● Exercise prompt
Give back exactly the lines starting at the one with "Sofa Villas Mont" and ending at the last line of the data below. Pictures are not part of the copy.

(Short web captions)
▬▬▬▬▬▬▬▬▬▬

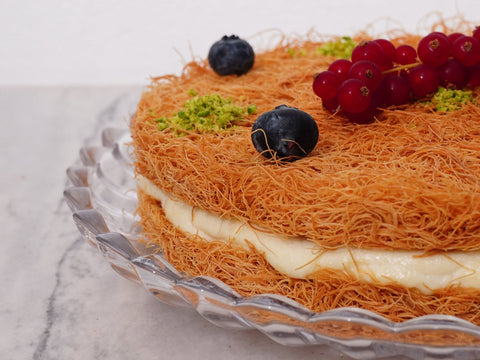 Round Kanafa with Cream Plate - Fantastic Chocolate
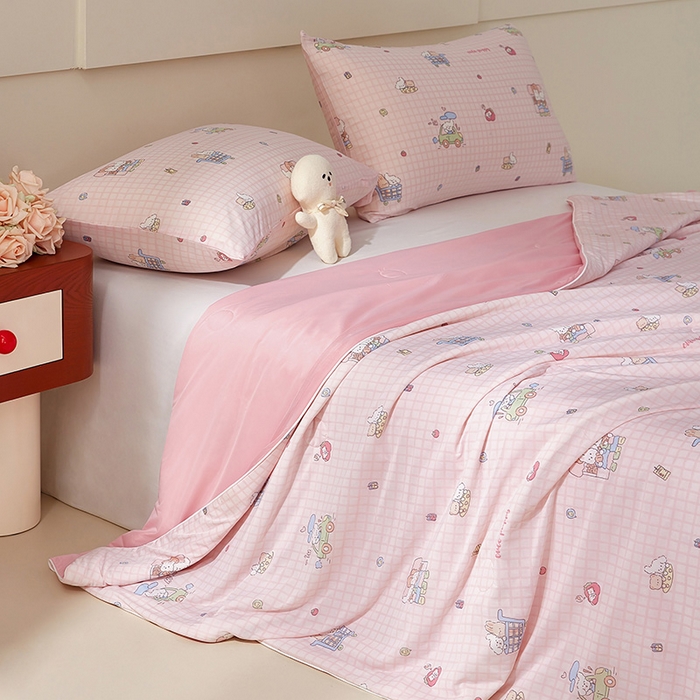 91家纺网 家纺一手货源 找家纺 梦恬佳 2026新款冰淇淋印花凉感丝夏凉被小冰被 小汽车-粉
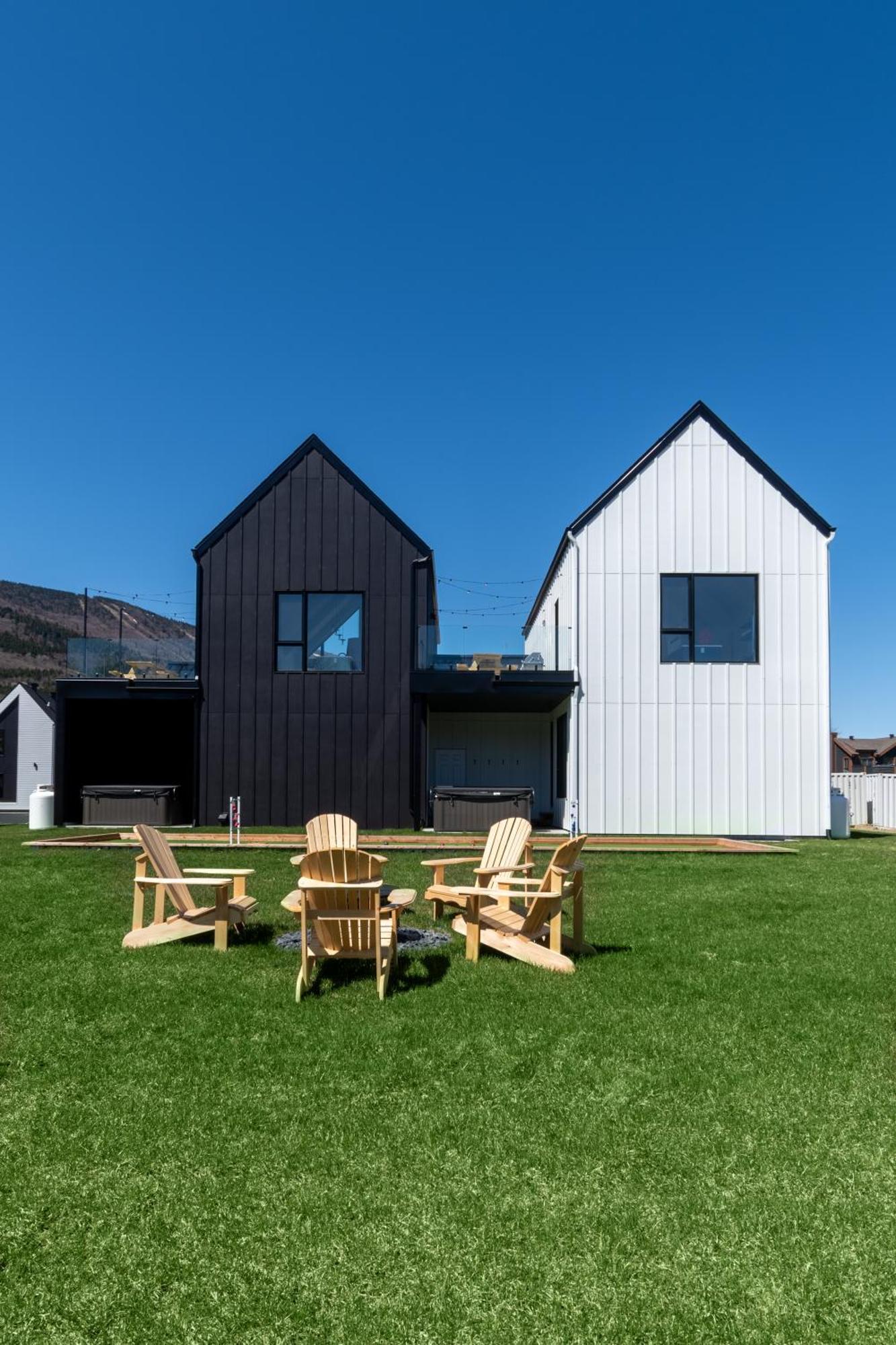 Sofa Villas Mont Sainte-Anne بيوبره المظهر الخارجي الصورة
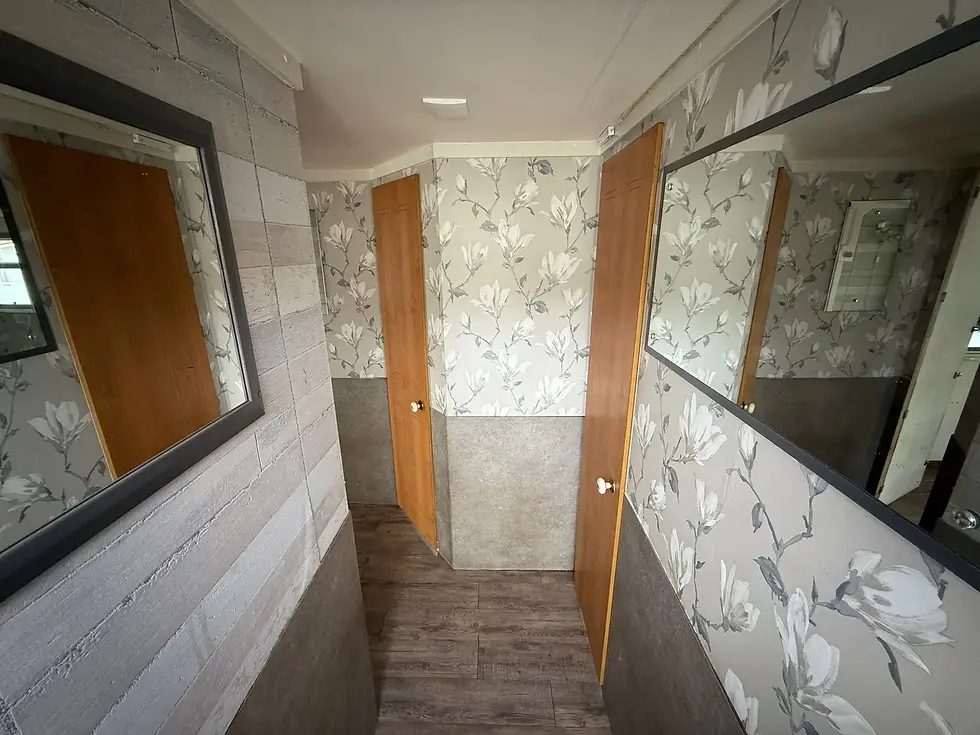 Miniatura: corredor com portas 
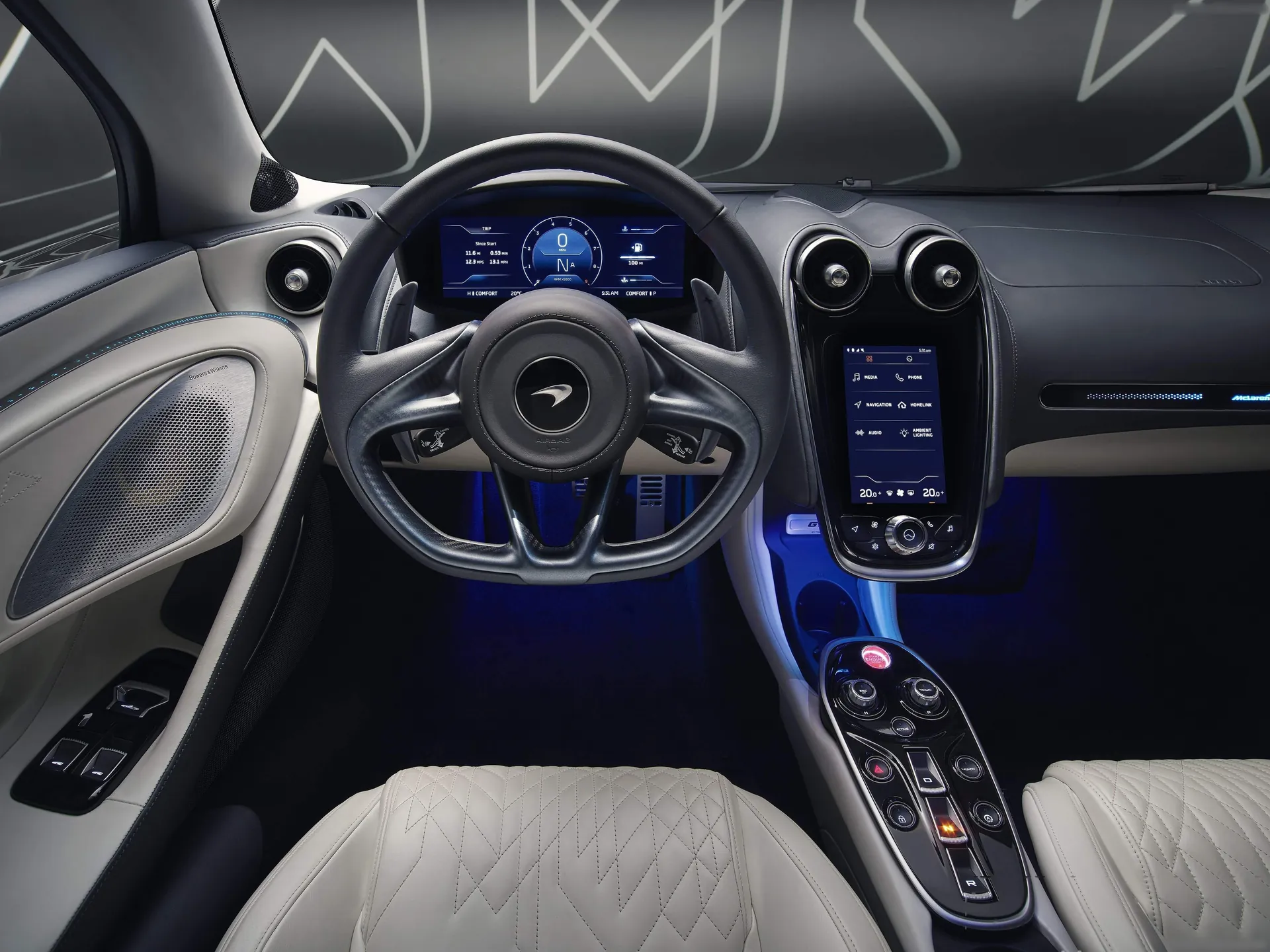 McLaren GT by MSO (2020) – interiér
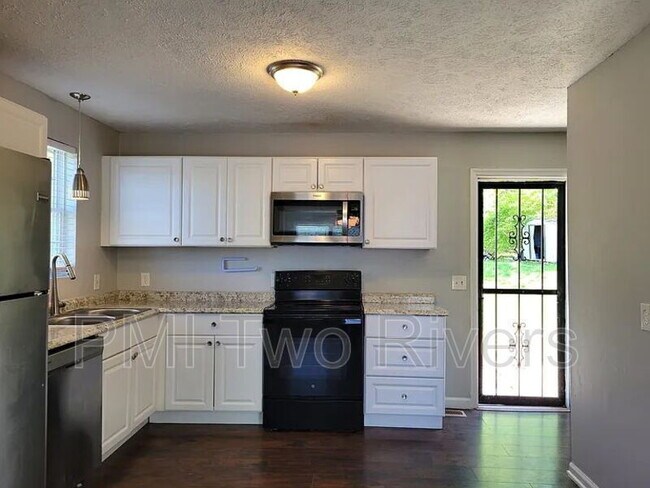 Building Photo - 135 Brenda Ln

▬▬▬▬▬▬▬▬▬▬

● Answer for this exercise
 Sofa Villas Mont Sainte-Anne بيوبره المظهر الخارجي الصورة
 Miniatura: corredor com portas 
 McLaren GT by MSO (2020) – interiér
 Building Photo - 135 Brenda Ln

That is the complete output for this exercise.